The celebration, as pointed out by this newspaper 65 years ago, had a special significance for the city as it was here that the British power first established itself in the country.

When the transfer of power took place at New Delhi, thousands of Chennai’s citizens were glued to community radio sets, listening to the proceedings of the Constituent Assembly. “Hundreds marched on roads with torches and tricolour, with drum and music, keeping up an unending refrain of ‘Vande Mataram’ and ‘Mahatma Gandhi ki jai’.”

The festive mood was not just confined to certain sections of the society. This newspaper, in its issue on August 17, recorded that “the scenes presented in the slums and hutments of ‘Harijans’ (the term then used for Dalits or members of the Scheduled Castes) were unprecedented. Long-accumulated filth and dirt had been removed overnight and the un-metalled “roads” swept clean of dust and dung.”

The paper also said: “Muslim residents of the city cooperated freely in making the celebrations quite successful.”

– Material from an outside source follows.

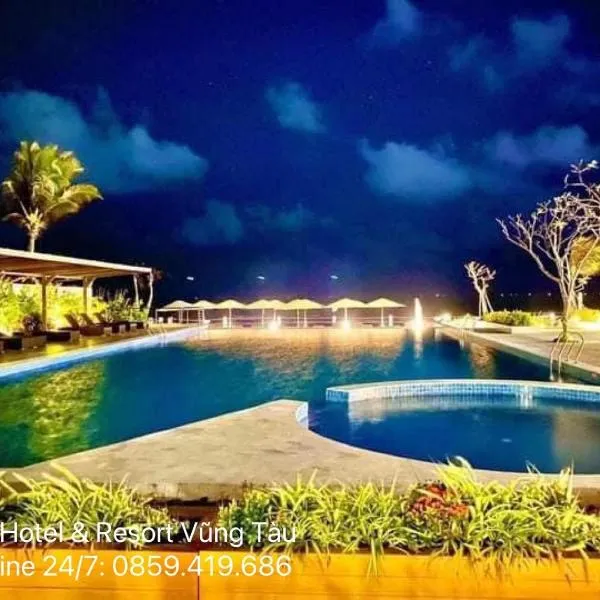 Căn hộ biển Aria Vũng Tàu, hotel in Xa Thang Nhut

On August 15, which was a Friday, the swearing-in of Governor Archibald Nye and the Prime Minister (which was how the position of Chief Minister was known then) O.P. Ramaswami Reddiar took place in the Cabinet Room at Fort St. George. The then Chief Justice of the Madras High Court Frederick Gentle administered the oath of allegiance to the Governor, who later swore in the Ministers. The Governor hoisted the national flag on the Island Grounds.

Mr Reddiar unfurled the flag at the Ripon Buildings, the headquarters of the Chennai Corporation.

The advent of freedom was not without a political controversy. The Dravidar Kazhagam founder E.V. Ramaswami had called upon his followers to disassociate themselves from “the ceremonies and inspired jubilations.”

Notwithstanding this aspect, in the end the city celebrated the day with vigour and colour.